Stored items from a collection:

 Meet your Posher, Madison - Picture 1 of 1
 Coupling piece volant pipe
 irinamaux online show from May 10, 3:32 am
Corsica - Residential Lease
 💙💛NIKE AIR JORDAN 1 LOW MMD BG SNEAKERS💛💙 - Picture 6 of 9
==
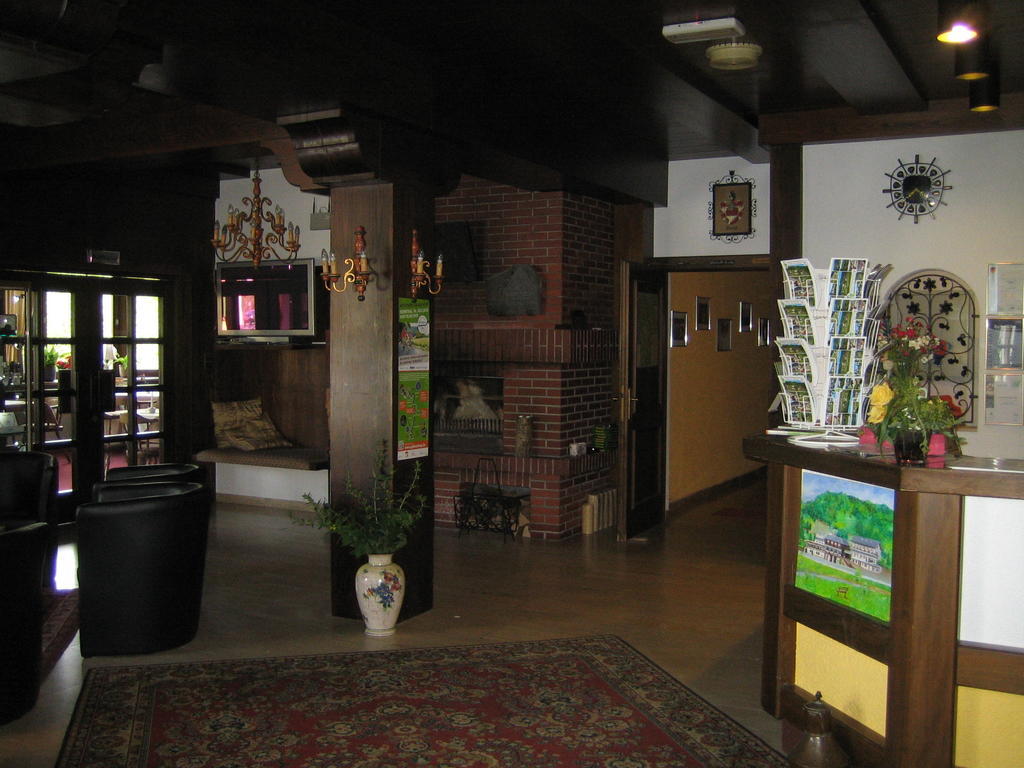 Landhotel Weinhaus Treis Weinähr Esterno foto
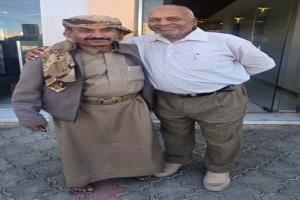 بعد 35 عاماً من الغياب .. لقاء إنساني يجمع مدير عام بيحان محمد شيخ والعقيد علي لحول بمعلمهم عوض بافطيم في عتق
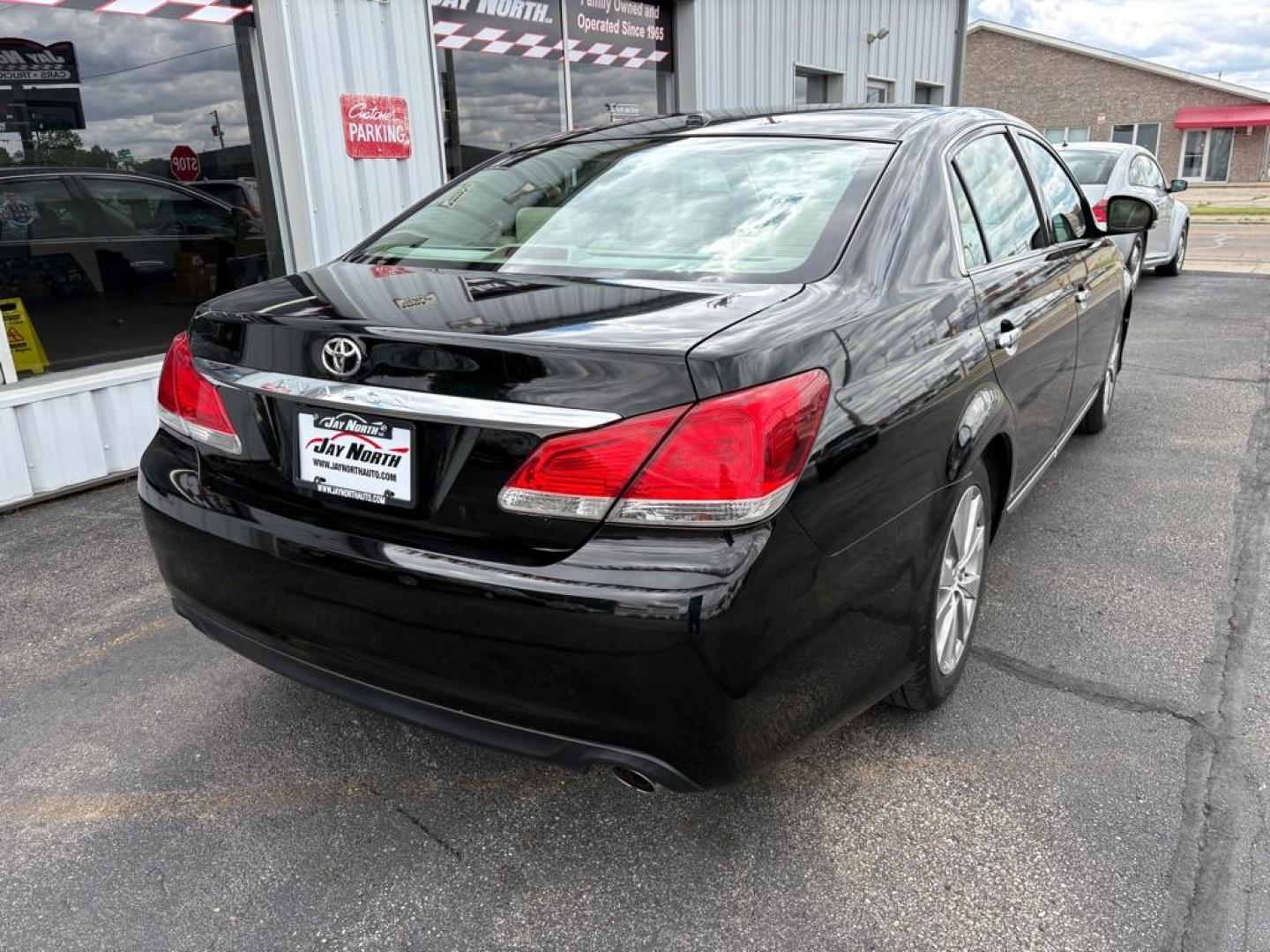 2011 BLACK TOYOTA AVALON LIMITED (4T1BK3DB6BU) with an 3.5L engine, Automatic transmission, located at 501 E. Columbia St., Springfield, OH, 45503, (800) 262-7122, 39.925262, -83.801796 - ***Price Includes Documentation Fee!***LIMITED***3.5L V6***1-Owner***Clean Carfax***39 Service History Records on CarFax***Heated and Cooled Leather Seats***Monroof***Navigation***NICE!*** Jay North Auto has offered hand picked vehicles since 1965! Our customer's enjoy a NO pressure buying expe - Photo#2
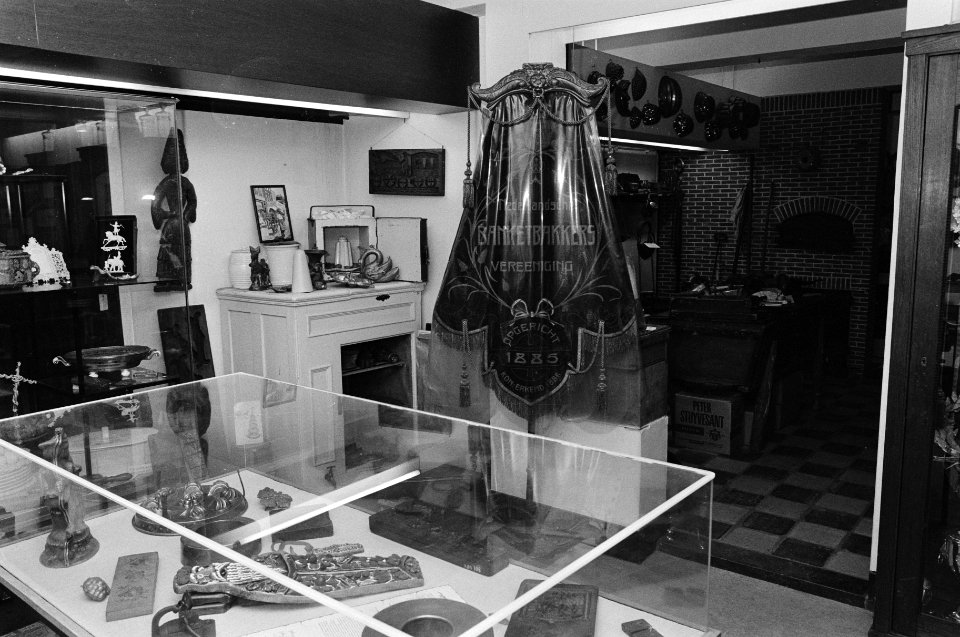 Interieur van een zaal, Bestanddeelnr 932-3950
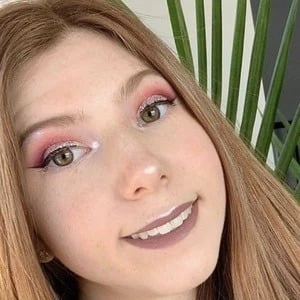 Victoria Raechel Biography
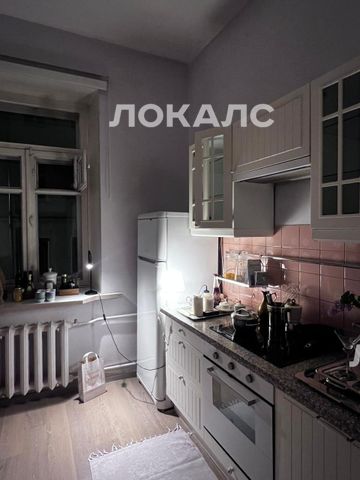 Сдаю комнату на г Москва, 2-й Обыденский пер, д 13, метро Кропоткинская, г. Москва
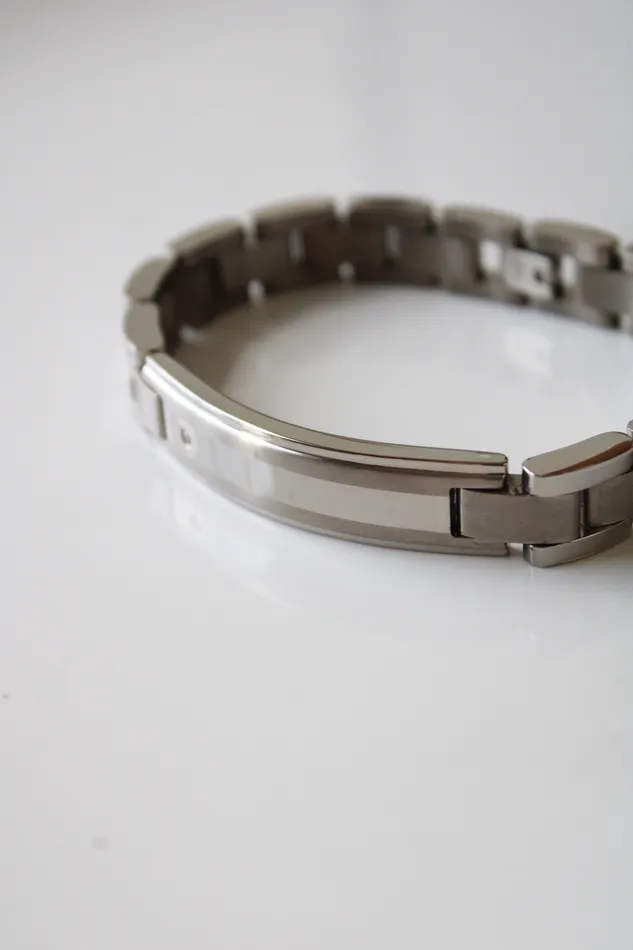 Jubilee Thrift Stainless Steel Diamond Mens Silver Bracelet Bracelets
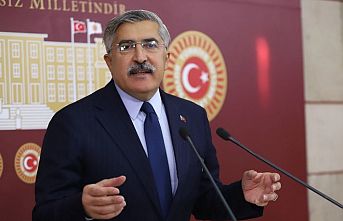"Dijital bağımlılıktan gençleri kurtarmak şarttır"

Required action. Repeat only the stretch of data above that runs from the line with "Сдаю комнату на" to the line with "bağımlılıktan gençleri kurtarmak". Keep both end lines; exclude pictures.

Response area.
 Сдаю комнату на г Москва, 2-й Обыденский пер, д 13, метро Кропоткинская, г. Москва
 Jubilee Thrift Stainless Steel Diamond Mens Silver Bracelet Bracelets
"Dijital bağımlılıktan gençleri kurtarmak şarttır"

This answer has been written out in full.